Enver Sekiraqa (born 18 November 1974) is Kosovo's previous most wanted man, and was sought by the Kosovo Police and Interpol in connection with an investigation into organized crime and murder of police officer Triumf Riza. He was arrested in Pristina in September 2012 when he handed himself over to EULEX and the Kosovo Police after four years on the run.

Since his arrest, he has been convicted three separate times for the crimes of incitement to commit serious murder and coercion, Sekiraqa was also originally charged for rape, but these charges were later dropped in the first trial. In his first trial, Sekiraqa was sentenced to 37 years on 17 May 2016. This was appealed and reduced to 30 years on 16 September 2019, and appealed a second time and reduced to 25 years on 3 May 2024.

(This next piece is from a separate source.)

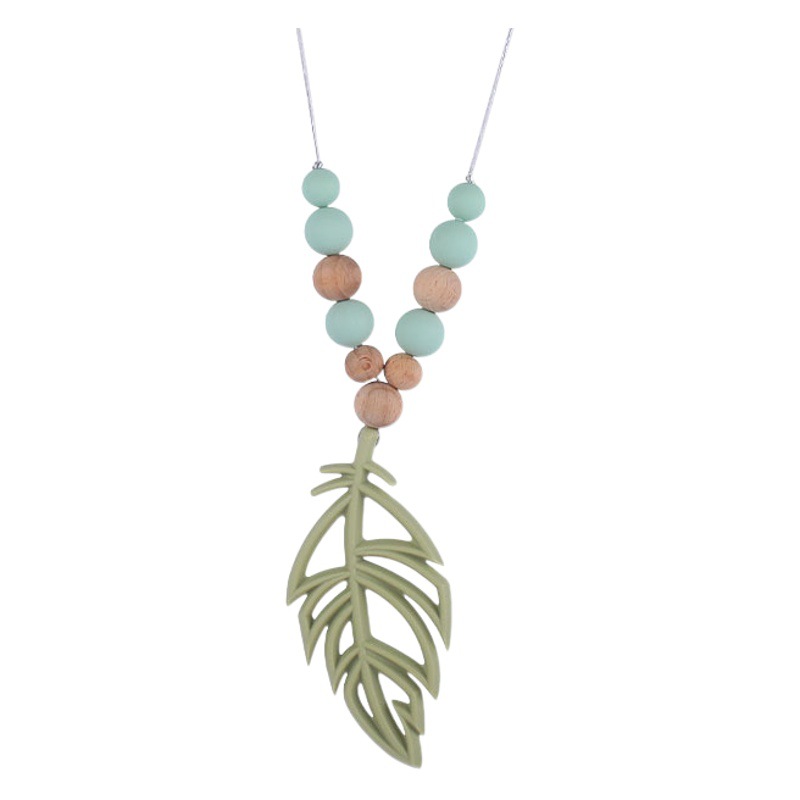 Nuevo bebé suministros silicona hoja mordedor collar fábrica directa pluma collar bebé calmante mordedor palo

Two weeks after his third and most recent trial, police were unable to locate Sekiraqa when they arrived to apprehend him. Due to a court decision after this trial, Sekiraqa was allowed to be free while waiting for the court decision to be finalized, with no detention measures put in place; and by the date of 17 May 2024, when the Court of Appeal had accepted Sekiraqa's 25 year sentence, he was not found at his residence. This escape has put the judges' of Sekiraqa's case into question and even brought up concerns of corruption, with Albulena Haxhiu, Kosovo's Minister of Justice, saying "This case, among others, also raises suspicions of involvement in corruption, therefore there should be a professional investigation and responsibility from those who made this escape possible".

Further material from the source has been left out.